THE RECORDS
· · · ·

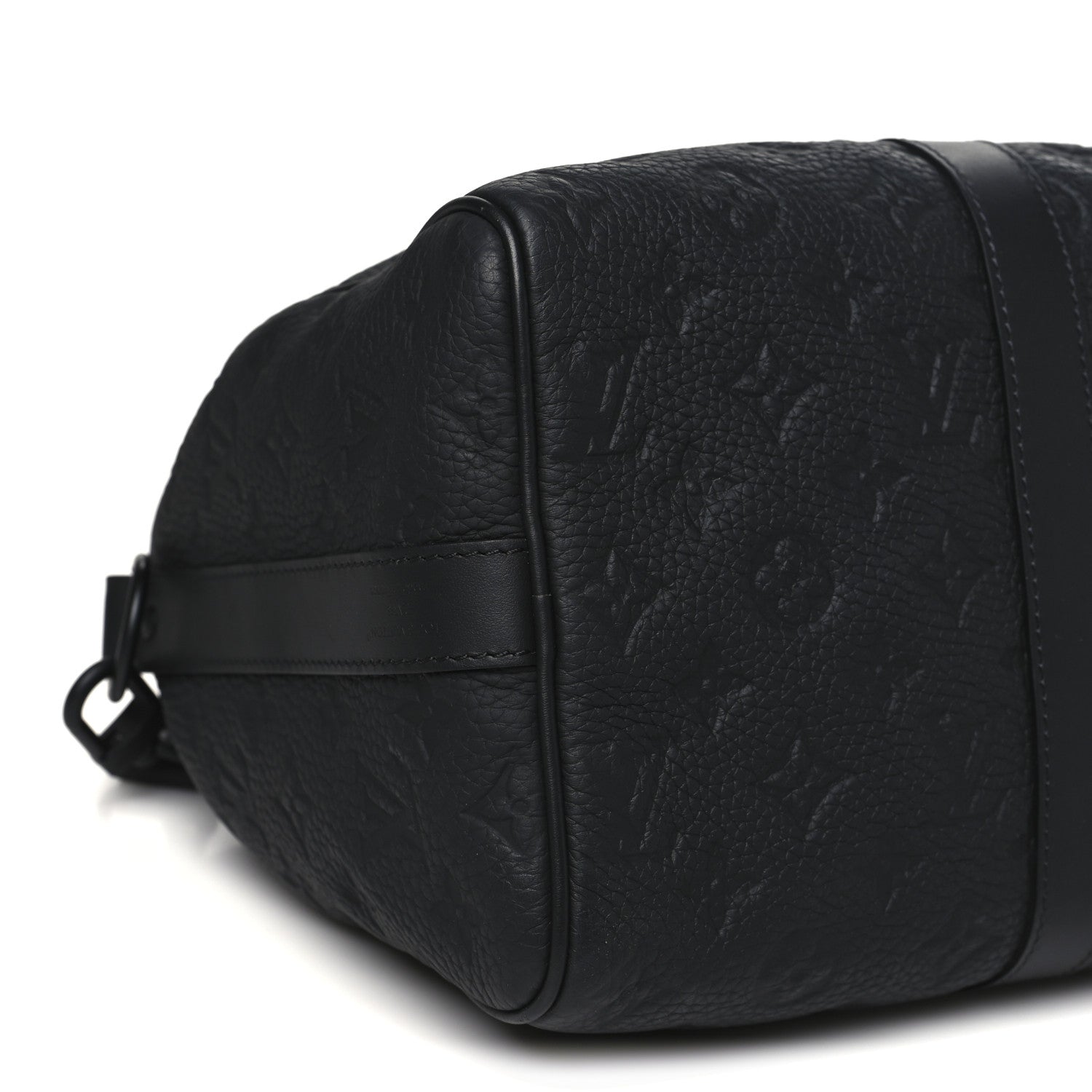 Louis Vuitton Monogram Taurillon Keepall Bandouliere 35 Black 8 of 9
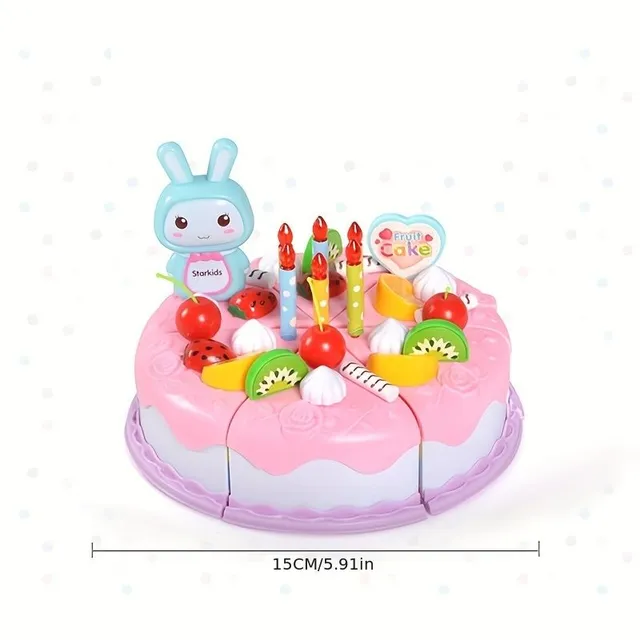 Plne farebná detská torta, 37 ks, rodinná hra - Unisex hračka pre deti od 3 rokov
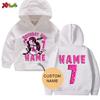 Girls Birthday Hoodies Girl Sweatshirts Front Back Pullover Toddler Baby Clothing 9 Years Old Girl Outfit for Kids Clothes Girl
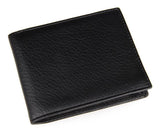 Men's Black Leather Bi-Fold Wallet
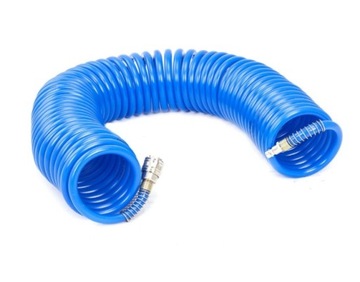 WĄŻ SPIRALNY DO SPRĘŻONEGO POWIETRZA PE 5X8MM 20 METRÓW 20M DO KOMPRESORA
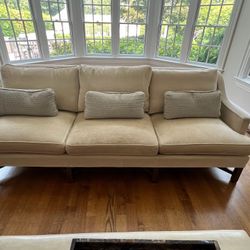 Beautiful Oxford Sofa from Quadros Studio Very Good Condition Paid $9000 98”w x 39”d x 34”h x 23”sd x 18”sh Smoke free household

· · · ·

WORK INSTRUCTION
Only those lines from the one containing "WĄŻ SPIRALNY DO" to the end of the material above, retyped exactly and without pictures, belong in your reply.

EXPECTED ANSWER
 WĄŻ SPIRALNY DO SPRĘŻONEGO POWIETRZA PE 5X8MM 20 METRÓW 20M DO KOMPRESORA
 Beautiful Oxford Sofa from Quadros Studio Very Good Condition Paid $9000 98”w x 39”d x 34”h x 23”sd x 18”sh Smoke free household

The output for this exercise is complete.